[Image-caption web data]
◇ ◇ ◇ ◇ ◇ ◇ ◇
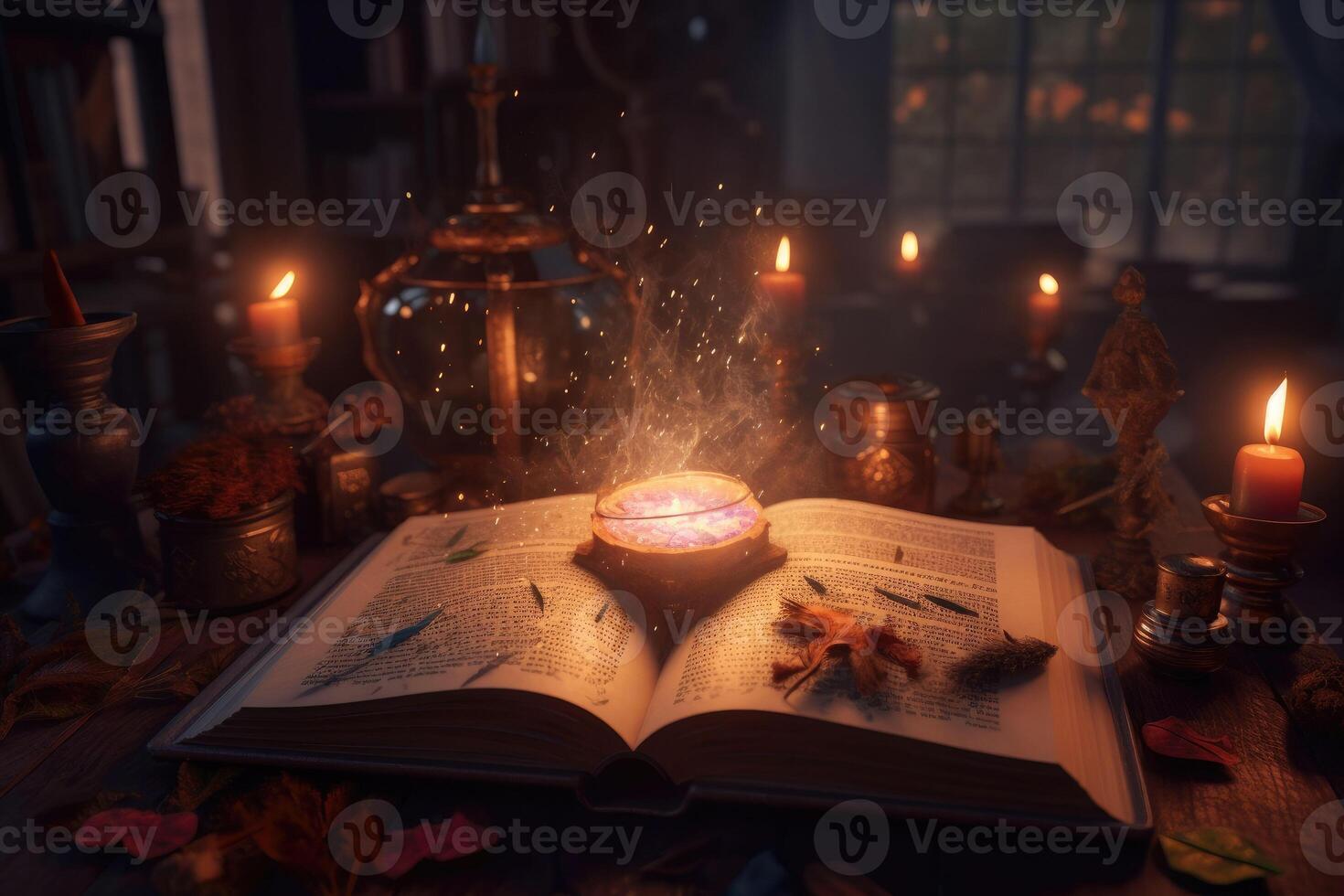 Old magic book in ancient room. Fantasy, nature or learning concept. photo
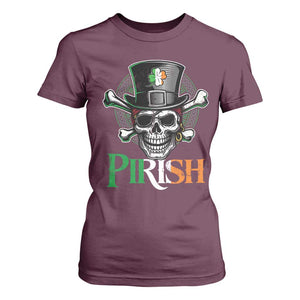 Funny St Patricks Day Pirate T Shirt For Women Pirish Vintage Irish Pirate Skull TS11 Maroon Print Your Wear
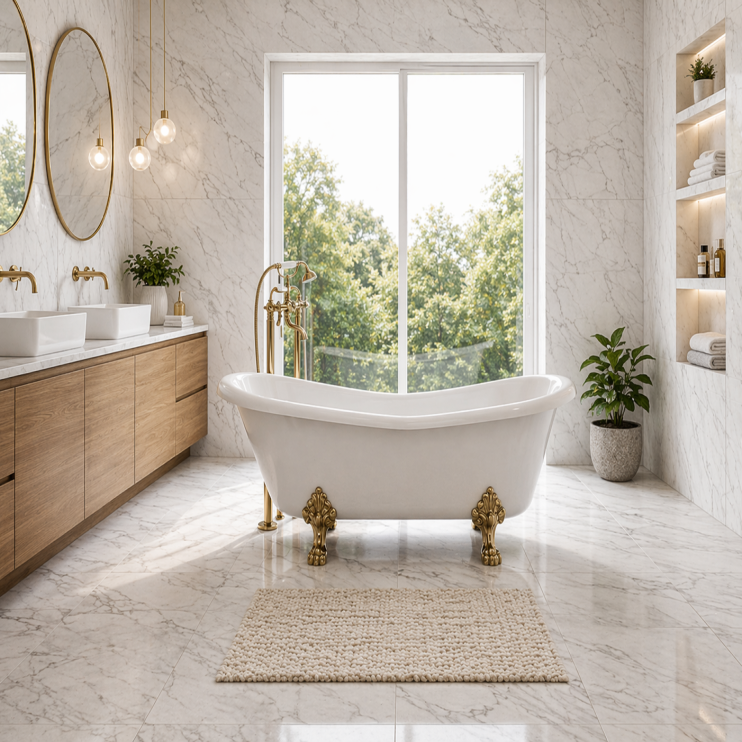 Bayswater Freestanding 1530x670x760mm 2TH Bath w/Feet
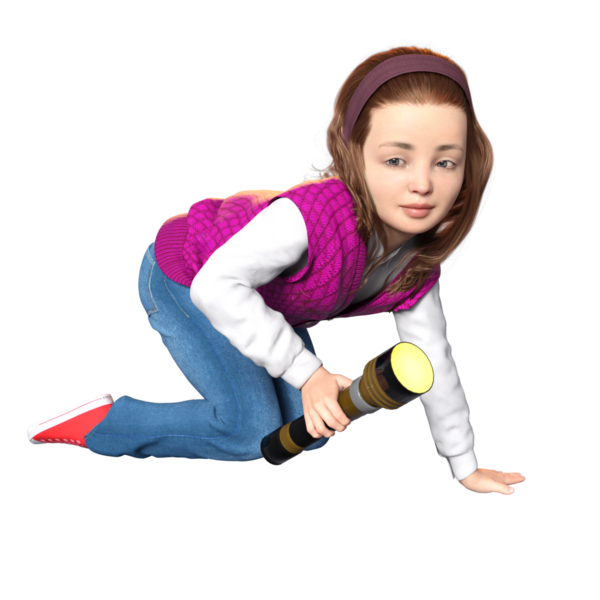 Şeffaf bir arka planda izole edilmiş genç bir dedektif olarak üç boyutlu sevimli bir kız.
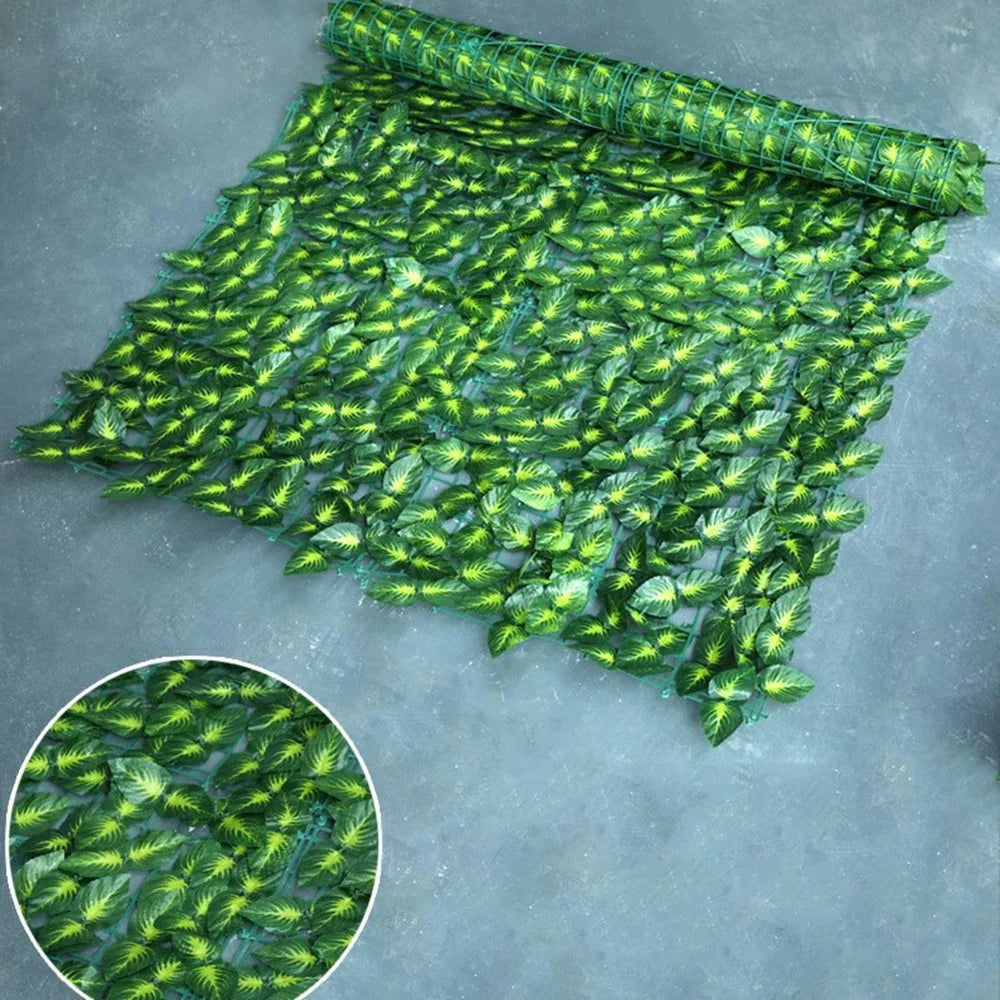 1 x 1m Green Perilla Leaf Artificial Hedge Privacy Screen Faux Leaf Fence Garden Balcony Decor - 1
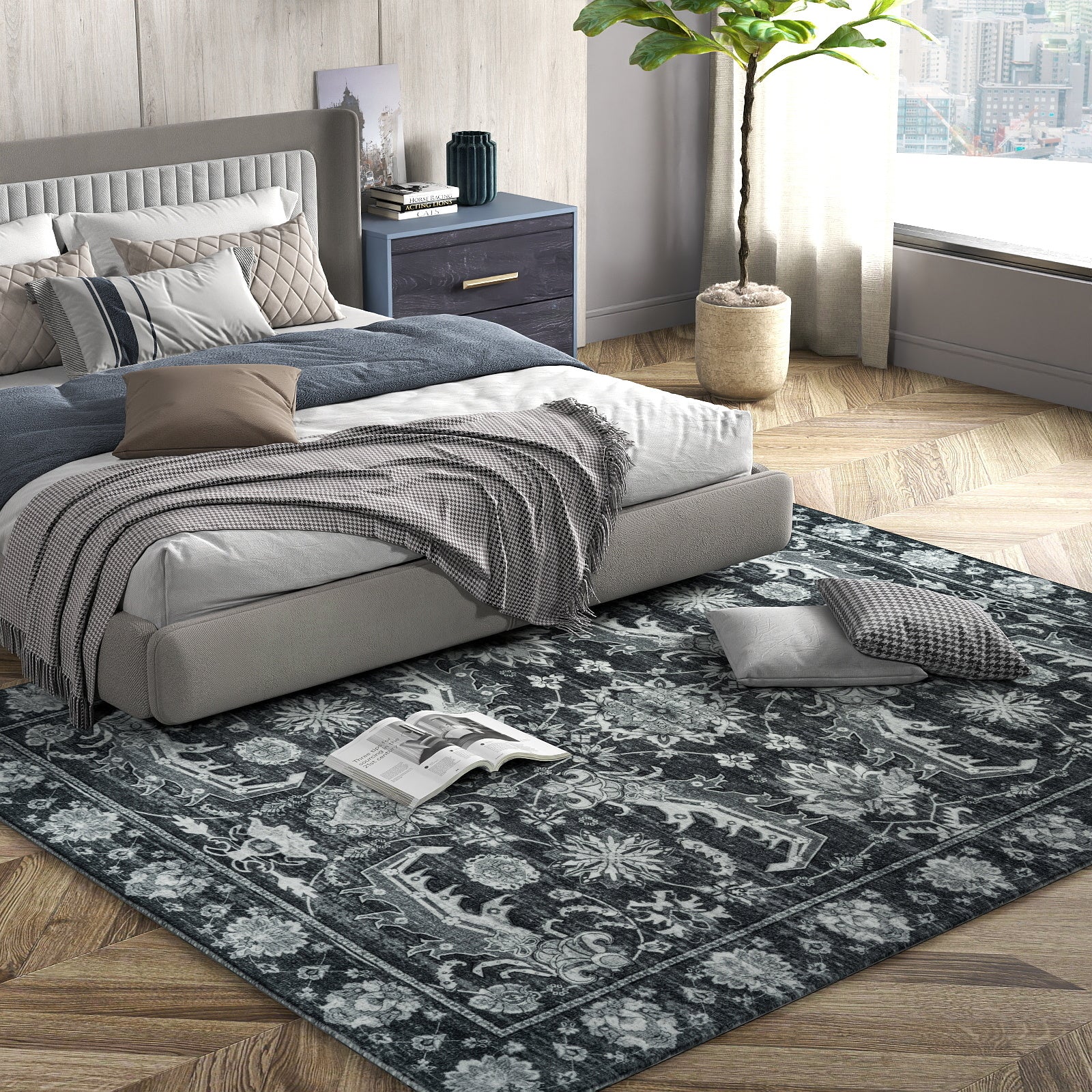 5x7ft Washable Vintage Area Rug, Thin Distressed Non-Slip Carpet for Living Room Bedroom, Kitchen Dining Room Decor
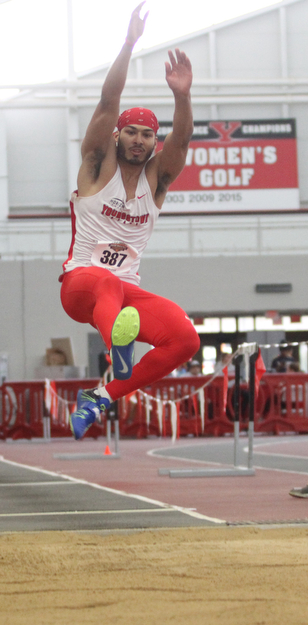 Arnaldo Morales(387) of Youngstown State competes in the Men's Long Jump at the Horizon League Indoor Track & Field Championship at the Watson and Tressel Training Site, Saturday, Feb. 25, 2017 in Youngstown. ..(Nikos Frazier | The Vindicator)..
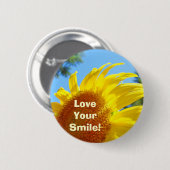 Liebe Dein Lächeln! Knöpfe Sommerblumen Button (Vorne & Hinten)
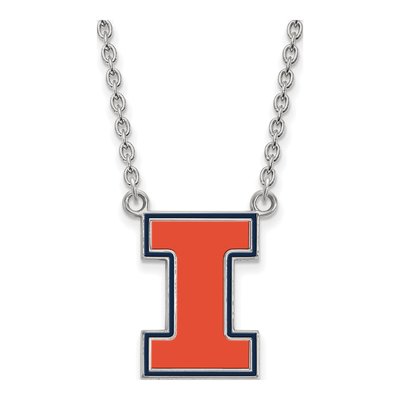 University of Illinois Sterling Silver Letter I Large Enameled Pendant Necklace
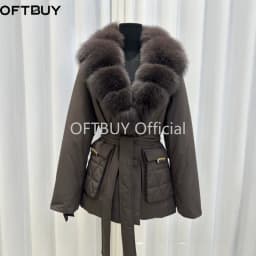 OFTBUY Real Fox Fur Collar Duck Down Jacket Women Mid-Length Puffer Jacket Luxury Slim Belted Waist Winter Warm Outerwear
◇ ◇ ◇ ◇ ◇ ◇ ◇
### [About this task]
Copy out the records exactly; the pictures stay behind.

### [Exercise output]
 Old magic book in ancient room. Fantasy, nature or learning concept. photo
 Funny St Patricks Day Pirate T Shirt For Women Pirish Vintage Irish Pirate Skull TS11 Maroon Print Your Wear
 Bayswater Freestanding 1530x670x760mm 2TH Bath w/Feet
 Şeffaf bir arka planda izole edilmiş genç bir dedektif olarak üç boyutlu sevimli bir kız.
 1 x 1m Green Perilla Leaf Artificial Hedge Privacy Screen Faux Leaf Fence Garden Balcony Decor - 1
 5x7ft Washable Vintage Area Rug, Thin Distressed Non-Slip Carpet for Living Room Bedroom, Kitchen Dining Room Decor
 Arnaldo Morales(387) of Youngstown State competes in the Men's Long Jump at the Horizon League Indoor Track & Field Championship at the Watson and Tressel Training Site, Saturday, Feb. 25, 2017 in Youngstown. ..(Nikos Frazier | The Vindicator)..
 Liebe Dein Lächeln! Knöpfe Sommerblumen Button (Vorne & Hinten)
 University of Illinois Sterling Silver Letter I Large Enameled Pendant Necklace
 OFTBUY Real Fox Fur Collar Duck Down Jacket Women Mid-Length Puffer Jacket Luxury Slim Belted Waist Winter Warm Outerwear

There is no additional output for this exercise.